Items from a dataset:
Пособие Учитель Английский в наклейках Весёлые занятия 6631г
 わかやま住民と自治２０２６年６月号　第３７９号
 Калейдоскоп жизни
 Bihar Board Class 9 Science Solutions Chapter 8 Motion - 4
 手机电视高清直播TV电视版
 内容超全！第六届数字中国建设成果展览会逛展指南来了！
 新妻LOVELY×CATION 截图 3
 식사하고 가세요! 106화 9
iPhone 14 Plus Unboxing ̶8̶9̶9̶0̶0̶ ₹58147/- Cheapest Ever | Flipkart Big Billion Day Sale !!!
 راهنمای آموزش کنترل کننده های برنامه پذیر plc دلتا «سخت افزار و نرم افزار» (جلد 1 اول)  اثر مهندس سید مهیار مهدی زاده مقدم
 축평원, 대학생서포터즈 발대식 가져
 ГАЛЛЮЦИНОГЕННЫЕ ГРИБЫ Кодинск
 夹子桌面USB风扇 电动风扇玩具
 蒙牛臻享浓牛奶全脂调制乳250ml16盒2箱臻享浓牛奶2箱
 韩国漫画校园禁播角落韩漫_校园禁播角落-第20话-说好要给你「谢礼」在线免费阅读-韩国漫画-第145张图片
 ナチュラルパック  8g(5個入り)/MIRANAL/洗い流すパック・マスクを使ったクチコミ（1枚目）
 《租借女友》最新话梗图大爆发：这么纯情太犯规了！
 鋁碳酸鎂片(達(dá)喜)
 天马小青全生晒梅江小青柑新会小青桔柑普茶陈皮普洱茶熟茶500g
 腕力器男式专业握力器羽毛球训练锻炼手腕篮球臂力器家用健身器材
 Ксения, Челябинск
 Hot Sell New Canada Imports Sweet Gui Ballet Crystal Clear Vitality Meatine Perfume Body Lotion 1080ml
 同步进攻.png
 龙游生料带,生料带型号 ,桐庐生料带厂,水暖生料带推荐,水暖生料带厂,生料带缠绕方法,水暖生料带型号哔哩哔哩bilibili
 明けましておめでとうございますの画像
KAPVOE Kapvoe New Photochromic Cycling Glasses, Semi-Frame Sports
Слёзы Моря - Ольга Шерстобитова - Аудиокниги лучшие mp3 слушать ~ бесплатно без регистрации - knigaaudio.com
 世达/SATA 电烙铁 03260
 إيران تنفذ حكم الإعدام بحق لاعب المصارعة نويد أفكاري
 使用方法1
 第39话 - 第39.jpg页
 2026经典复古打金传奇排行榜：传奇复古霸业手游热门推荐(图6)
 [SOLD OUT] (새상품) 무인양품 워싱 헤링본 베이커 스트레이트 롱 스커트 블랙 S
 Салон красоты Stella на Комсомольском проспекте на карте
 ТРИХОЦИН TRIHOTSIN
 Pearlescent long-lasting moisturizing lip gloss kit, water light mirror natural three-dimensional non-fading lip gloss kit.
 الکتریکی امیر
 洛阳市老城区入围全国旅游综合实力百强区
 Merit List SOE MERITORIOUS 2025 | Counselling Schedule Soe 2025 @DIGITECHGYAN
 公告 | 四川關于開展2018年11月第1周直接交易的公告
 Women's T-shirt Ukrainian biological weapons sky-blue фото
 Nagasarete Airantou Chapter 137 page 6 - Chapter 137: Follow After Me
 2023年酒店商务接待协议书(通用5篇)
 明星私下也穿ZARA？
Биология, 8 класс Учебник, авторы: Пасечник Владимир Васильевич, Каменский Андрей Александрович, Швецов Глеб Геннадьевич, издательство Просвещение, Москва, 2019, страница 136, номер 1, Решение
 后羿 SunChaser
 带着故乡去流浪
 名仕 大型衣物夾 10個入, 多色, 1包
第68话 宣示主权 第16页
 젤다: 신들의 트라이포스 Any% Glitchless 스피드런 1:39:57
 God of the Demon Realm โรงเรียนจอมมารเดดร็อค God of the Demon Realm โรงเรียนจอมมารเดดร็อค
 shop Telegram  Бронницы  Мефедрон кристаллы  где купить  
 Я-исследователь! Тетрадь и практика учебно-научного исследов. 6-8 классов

▶ [Problem to solve]: Go through the data and copy every line that includes "Chapter".

▶ [Answer to this problem]:
 Bihar Board Class 9 Science Solutions Chapter 8 Motion - 4
 Nagasarete Airantou Chapter 137 page 6 - Chapter 137: Follow After Me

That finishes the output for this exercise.